URL=gs://archive-measurement-lab/ndt/ndt7/2021/06/14/20210614T003000.696927Z-ndt7-mlab1-yul04-ndt.tgz
curl "http://localhost:8080/v2/worker?filename=$URL"
Generating Schema Docs
To build a new docker image with the generate_schema_docs
command, run:
$ docker build -t measurementlab/generate-schema-docs .
$ docker run -v $PWD:/workspace -w /workspace \
-it measurementlab/generate-schema-docs
Writing schema_ndtresultrow.md
...
Moving to GKE
The universal parser will run in GKE, using parser-pool node pools, defined like this:
gcloud --project=mlab-sandbox container node-pools create parser-pool-1 \
--cluster=data-processing --num-nodes=3 --region=us-east1 \
--scopes storage-ro,compute-rw,bigquery,datastore \
--node-labels=parser-node=true --enable-autorepair --enable-autoupgrade \
--machine-type=n1-standard-16
The images come from gcr.io, and are built by google cloud build. The build trigger is currently found with:
gcloud beta builds triggers list --filter=m-lab/etl
Deployment requires adding cloud-kubernetes-deployer role to etl-travis-deploy@ in IAM. This is done for sandbox and staging.
Migrating to Sink interface
The parsers currently use etl.Inserter as the backend for writing records. This API is overly shaped by bigquery, and complicates testing and extension.
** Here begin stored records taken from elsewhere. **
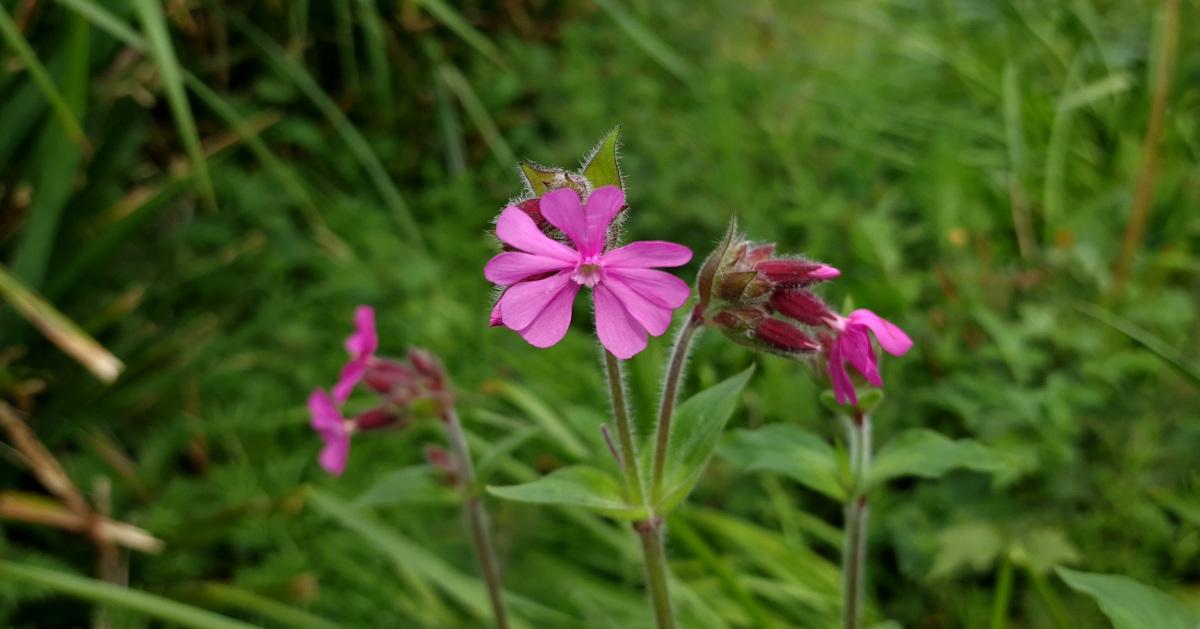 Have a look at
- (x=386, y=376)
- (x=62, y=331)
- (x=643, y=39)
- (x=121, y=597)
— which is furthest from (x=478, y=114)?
(x=121, y=597)

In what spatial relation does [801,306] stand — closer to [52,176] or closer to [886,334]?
[886,334]

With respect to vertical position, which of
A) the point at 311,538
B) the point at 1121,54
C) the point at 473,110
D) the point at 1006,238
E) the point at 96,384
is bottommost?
the point at 311,538

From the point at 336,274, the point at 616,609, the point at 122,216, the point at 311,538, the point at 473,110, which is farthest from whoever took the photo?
the point at 473,110

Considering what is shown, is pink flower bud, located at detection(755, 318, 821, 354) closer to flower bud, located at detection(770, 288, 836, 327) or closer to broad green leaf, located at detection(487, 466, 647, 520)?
flower bud, located at detection(770, 288, 836, 327)

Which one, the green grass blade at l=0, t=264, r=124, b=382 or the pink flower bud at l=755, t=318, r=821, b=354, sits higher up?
the green grass blade at l=0, t=264, r=124, b=382

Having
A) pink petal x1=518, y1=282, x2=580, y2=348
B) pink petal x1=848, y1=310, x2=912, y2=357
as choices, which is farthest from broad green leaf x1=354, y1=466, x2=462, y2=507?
pink petal x1=848, y1=310, x2=912, y2=357

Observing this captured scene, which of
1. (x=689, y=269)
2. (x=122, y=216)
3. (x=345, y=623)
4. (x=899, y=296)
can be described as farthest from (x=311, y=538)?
(x=899, y=296)

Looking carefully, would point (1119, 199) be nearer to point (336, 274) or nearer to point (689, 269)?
point (689, 269) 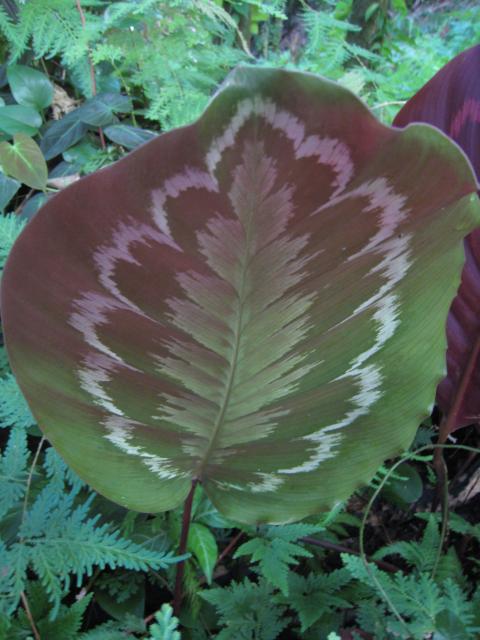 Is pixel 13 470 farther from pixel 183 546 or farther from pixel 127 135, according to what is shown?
pixel 127 135

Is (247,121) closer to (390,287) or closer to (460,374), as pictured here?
(390,287)

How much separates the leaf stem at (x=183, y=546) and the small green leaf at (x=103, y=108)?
999 millimetres

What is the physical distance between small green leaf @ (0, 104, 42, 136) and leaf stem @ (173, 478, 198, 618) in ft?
3.53

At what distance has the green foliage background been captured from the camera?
60 centimetres

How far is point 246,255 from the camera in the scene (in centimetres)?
36

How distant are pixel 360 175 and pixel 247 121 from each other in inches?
3.1

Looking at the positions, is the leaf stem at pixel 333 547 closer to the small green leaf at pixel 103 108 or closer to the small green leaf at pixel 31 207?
the small green leaf at pixel 31 207

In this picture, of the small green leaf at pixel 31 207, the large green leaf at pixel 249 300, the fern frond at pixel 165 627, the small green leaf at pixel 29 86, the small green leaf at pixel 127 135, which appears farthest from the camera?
the small green leaf at pixel 29 86

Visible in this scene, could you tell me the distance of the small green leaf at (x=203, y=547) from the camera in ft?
2.16

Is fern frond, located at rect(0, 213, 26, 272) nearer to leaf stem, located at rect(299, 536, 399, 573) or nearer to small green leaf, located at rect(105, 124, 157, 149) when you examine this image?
small green leaf, located at rect(105, 124, 157, 149)

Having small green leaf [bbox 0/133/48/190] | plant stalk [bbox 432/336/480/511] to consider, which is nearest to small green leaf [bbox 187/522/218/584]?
plant stalk [bbox 432/336/480/511]

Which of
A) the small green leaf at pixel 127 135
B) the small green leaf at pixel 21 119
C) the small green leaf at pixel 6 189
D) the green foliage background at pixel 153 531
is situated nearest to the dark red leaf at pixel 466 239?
the green foliage background at pixel 153 531

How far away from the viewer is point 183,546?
63cm

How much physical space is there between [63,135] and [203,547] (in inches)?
42.5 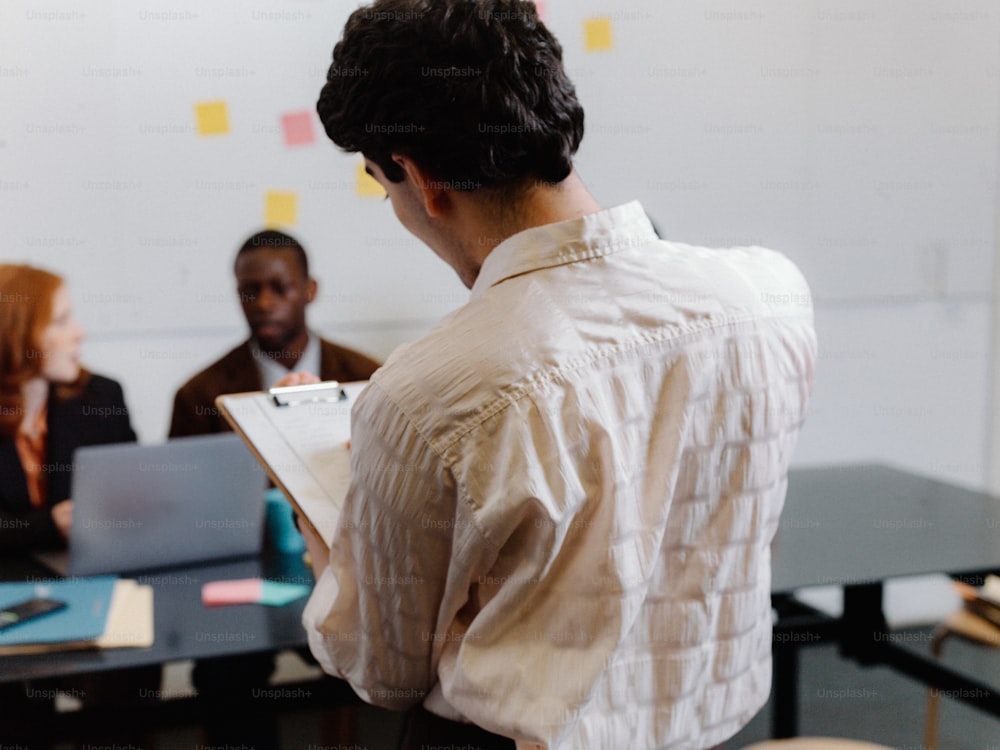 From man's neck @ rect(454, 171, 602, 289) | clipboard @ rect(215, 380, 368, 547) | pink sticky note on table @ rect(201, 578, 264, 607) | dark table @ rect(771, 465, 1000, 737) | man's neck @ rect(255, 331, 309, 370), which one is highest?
man's neck @ rect(454, 171, 602, 289)

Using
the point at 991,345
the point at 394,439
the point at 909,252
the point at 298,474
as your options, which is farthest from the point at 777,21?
the point at 394,439

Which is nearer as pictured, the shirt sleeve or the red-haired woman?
the shirt sleeve

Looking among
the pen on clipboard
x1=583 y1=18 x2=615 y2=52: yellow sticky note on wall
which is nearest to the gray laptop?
the pen on clipboard

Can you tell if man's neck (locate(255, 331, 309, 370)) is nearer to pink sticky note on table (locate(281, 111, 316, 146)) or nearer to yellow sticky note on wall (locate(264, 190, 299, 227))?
yellow sticky note on wall (locate(264, 190, 299, 227))

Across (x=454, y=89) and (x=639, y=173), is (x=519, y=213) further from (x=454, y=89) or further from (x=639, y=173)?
(x=639, y=173)

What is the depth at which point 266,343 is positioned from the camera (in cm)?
262

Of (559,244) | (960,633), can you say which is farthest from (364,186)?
(559,244)

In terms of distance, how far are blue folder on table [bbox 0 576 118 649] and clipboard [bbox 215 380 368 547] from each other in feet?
1.42

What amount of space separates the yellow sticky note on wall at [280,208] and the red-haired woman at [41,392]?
527 mm

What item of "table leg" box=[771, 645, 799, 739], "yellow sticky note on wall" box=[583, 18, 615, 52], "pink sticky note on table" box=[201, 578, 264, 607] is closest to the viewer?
"pink sticky note on table" box=[201, 578, 264, 607]

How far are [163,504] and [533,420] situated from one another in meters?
1.13

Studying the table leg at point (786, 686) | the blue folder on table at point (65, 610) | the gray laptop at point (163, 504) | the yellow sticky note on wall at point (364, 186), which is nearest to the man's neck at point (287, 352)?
the yellow sticky note on wall at point (364, 186)

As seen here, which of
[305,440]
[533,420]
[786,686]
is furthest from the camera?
[786,686]

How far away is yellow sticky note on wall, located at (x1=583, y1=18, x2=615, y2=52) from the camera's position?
9.04ft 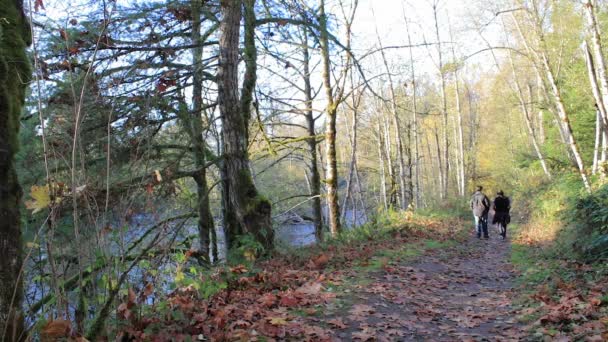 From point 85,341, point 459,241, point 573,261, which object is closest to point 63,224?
point 85,341

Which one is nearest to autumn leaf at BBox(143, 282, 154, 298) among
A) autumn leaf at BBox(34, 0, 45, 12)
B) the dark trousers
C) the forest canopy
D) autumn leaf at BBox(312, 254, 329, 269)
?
the forest canopy

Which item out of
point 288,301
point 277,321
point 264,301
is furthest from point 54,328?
point 288,301

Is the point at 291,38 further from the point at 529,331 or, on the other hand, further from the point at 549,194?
the point at 549,194

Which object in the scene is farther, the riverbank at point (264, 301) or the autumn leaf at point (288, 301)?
the autumn leaf at point (288, 301)

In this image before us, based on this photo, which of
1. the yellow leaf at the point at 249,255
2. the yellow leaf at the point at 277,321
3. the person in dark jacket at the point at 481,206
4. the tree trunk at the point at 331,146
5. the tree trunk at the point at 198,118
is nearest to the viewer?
the yellow leaf at the point at 277,321

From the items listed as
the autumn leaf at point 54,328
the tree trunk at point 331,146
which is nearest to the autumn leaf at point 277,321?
the autumn leaf at point 54,328

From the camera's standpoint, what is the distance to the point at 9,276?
9.56 ft

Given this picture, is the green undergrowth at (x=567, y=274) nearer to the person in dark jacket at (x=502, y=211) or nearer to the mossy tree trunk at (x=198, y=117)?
the person in dark jacket at (x=502, y=211)

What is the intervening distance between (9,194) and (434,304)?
5.37 meters

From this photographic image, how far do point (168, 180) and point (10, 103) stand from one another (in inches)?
148

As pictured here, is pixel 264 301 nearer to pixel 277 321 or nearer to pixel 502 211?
pixel 277 321

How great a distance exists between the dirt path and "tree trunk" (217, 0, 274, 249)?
226 cm

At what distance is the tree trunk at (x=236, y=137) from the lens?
7641 mm

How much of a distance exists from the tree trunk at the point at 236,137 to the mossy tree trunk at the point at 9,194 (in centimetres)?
441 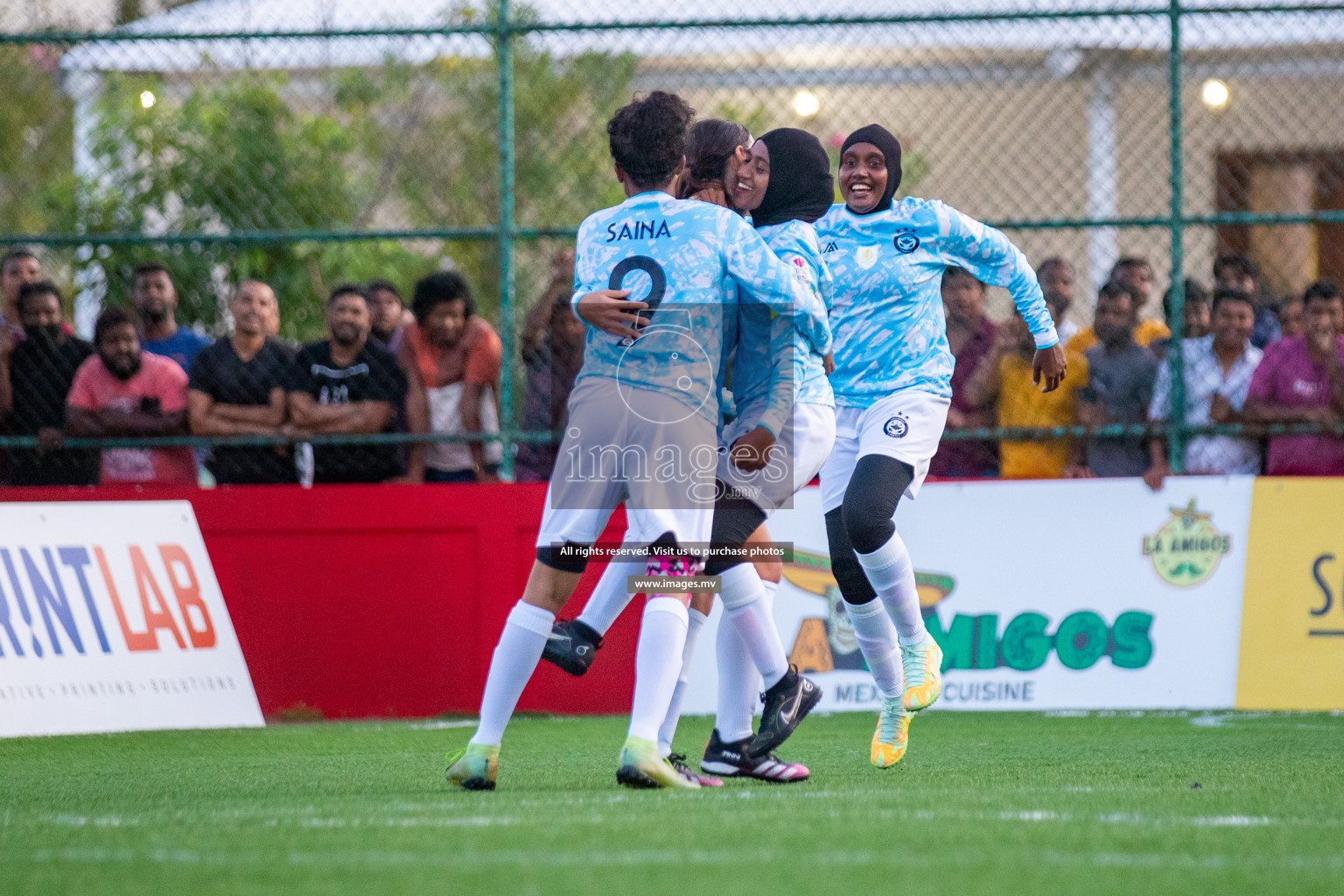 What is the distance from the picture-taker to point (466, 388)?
26.2ft

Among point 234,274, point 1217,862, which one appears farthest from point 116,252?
point 1217,862

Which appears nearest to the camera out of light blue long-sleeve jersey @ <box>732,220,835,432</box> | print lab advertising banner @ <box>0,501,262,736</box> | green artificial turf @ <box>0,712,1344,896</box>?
green artificial turf @ <box>0,712,1344,896</box>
The row.Sink interface, and row.Buffer define cleaner APIs for the back end and for buffering and annotating. This will streamline migration to Gardener driven table selection, column partitioned tables, and possibly future migration to BigQuery loads instead of streaming inserts.
Factories
The TaskFactory aggregates a number of other factories for the elements required for a Task. Factory injection is used to generalize ProcessGKETask, and simplify testing.
- SinkFactory produces a Sink for output.
- SourceFactory produces a Source for the input data.
- AnnotatorFactory produces an Annotator to be used to annotate rows.